• _Exercise directions_
Look through the records below for the line holding "Qatari pilgrims who". Write it out exactly, with each following line through the line holding "HUACAN Раскраска по".

• _Source information_
_____

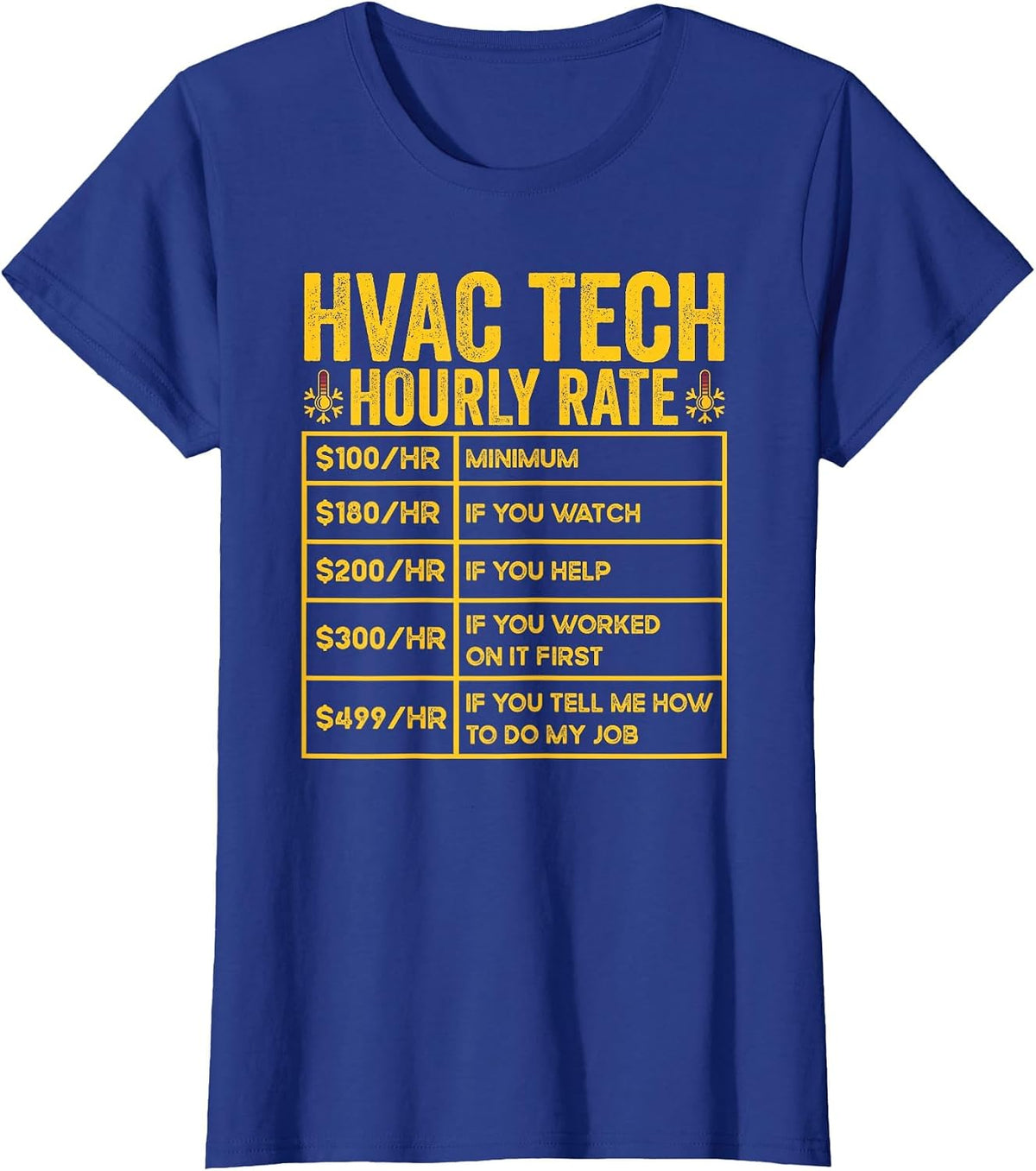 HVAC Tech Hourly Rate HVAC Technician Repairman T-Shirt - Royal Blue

_____

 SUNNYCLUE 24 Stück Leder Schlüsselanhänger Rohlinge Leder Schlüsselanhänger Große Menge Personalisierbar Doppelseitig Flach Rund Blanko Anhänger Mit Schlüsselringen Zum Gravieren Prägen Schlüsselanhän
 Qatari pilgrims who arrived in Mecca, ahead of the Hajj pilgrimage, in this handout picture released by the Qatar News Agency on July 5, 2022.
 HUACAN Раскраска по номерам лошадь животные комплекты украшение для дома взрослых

_____

• _Answer section_
 Qatari pilgrims who arrived in Mecca, ahead of the Hajj pilgrimage, in this handout picture released by the Qatar News Agency on July 5, 2022.
 HUACAN Раскраска по номерам лошадь животные комплекты украшение для дома взрослых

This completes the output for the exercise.